Article on “Identification” (p.163)
- research on passports
- when the need for passports first appeared
- how people recognised each other, most of the times from what they were wearing (eg. a coat) and not form their characteristics, eg the colour of their eyes
- how the information included on passports has changed / biometric data
Article on “Underground” (p.421)
- mines, holes on ground , tunnels etc, as a world that organic world has been banished
- artificial environment / human built
- such places have also been created above the ground eg malls
- “if we go, or imagine going underground, we enter an environment where organic nature is largely absent, but we also retrace a journey that is one of the most enduring and powerful cultural tradition of humankind: a metaphorical journey of discovery through descent below surface” (p.423)
The author is writing from a very personal perspective, and although some references might be considered as extravagant, this is what makes it interesting for the reader. The author is telling his own truth and we do not need to like or not. It is a fact, his story, which is unfolded in a very clever way. I really enjoyed the examples at the beginning of the book on what is real/fake/artificial
- story about the therapists at school/ comparison with cartoons/ to see whether children are being terrorized, live in violent families/ “They ere real (the parents) not cartoons, and we knew the answers they (the therapists) wanted” (p.47) / so do you give the audience what they want to see/ what they expect to see or do you give them 100% of your personal insight
- question on what is real/ “difference between that which we wish to see and that which we wish to see represented” (p.47)
- about the sunset/ “one either prefers the honest fakery of the neon or the fake honesty of the sunset” (p.52)
- “I wanted to achive Huh? Wow! instead of Wow! Huh?” (p.62)
- “I like enhancing dumb stuff that other guys just instinctively trashed” (p.62)
On 9th & 16th of September I attended seminar sessions by Sheila Pinkel, an American artist. The goal was to take photos but without using any devices. We were asked to take with us any material that we would like to photograph, like small plants, flowers, glass objects etc. The process might be know to photographers, but it was the first time that I have used it: in a dark room you lay the items you wish to photograph on a piece of photographic paper, you cover this with a piece of glass (if they items are not heavy enough), you cover everything so that the paper is not burned out and you take everything outside for 30-45 mins. It is very simple process, however you need to make several experiments to see under which conditions you get the best results:
- It works better when fibre based photographic paper is used, preferably expired because you get a variation of colours
- One must take into account the time of the day that the paper is exposed in the sun and the place. I did the experiments at 12:00 in Cyprus under a very strong sunlight, so 30 mins of exposure was enough.
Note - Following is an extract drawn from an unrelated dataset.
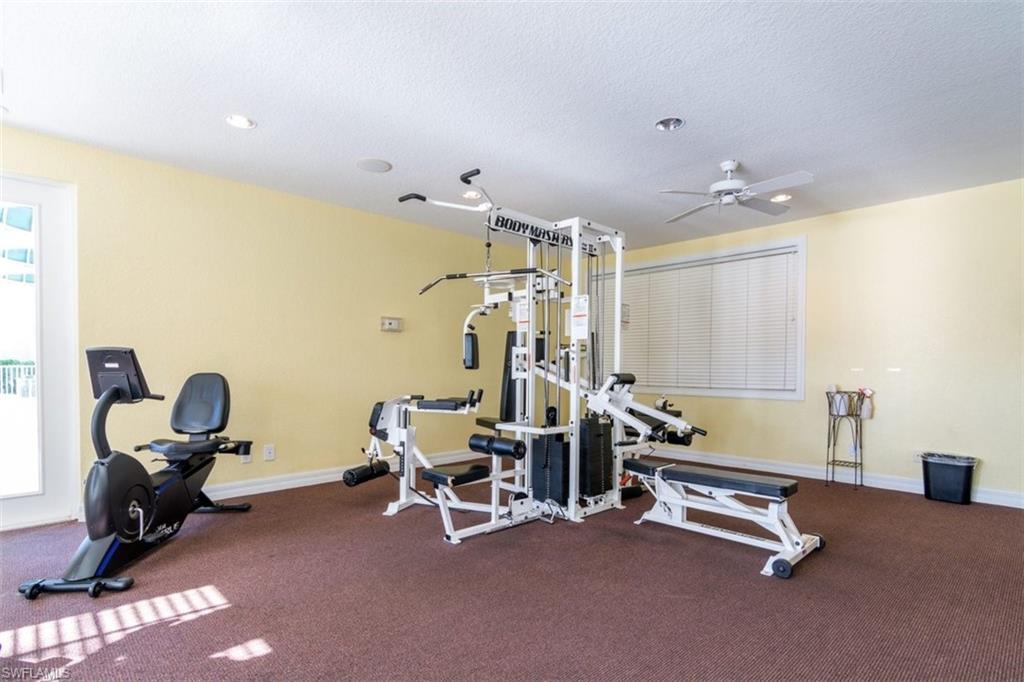 Workout area featuring a textured ceiling, a ceiling fan, plenty of natural light, and recessed lighting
- The small size plants and flowers are the best materials to be used for this experiment. Their surface is pressed against the paper by the glass and better results are obrtained.
- The thickness of the glass is also important. In experiments where I did not use glass, the imprints on the paper were not as strong. Where I used thick glass of 1cm the imprints were more intense.
The results of these experiments will be exhibited in a group show. The following text accompanied the invitation of this exhibition.
Over the past two decades photographers have witnessed major changes in imaging technologies. Digital cameras, computers & cell phones have allowed all people using these technologies to become ‘photographers.’ In addition, new imaging techniques now used in the sciences and social sciences have allowed both artists and scientists to make visible phenomena never seen before.
By focusing on the modalities of the medium, this exhibition separates itself from the historicities and ontological traditions of genre, pointing to new alternative ways of looking at and studying the processes of image creation. This practice is anchored in photography’s unrealised artistic potential to engage with new debates about ways of presenting, seeing, and interpreting the world.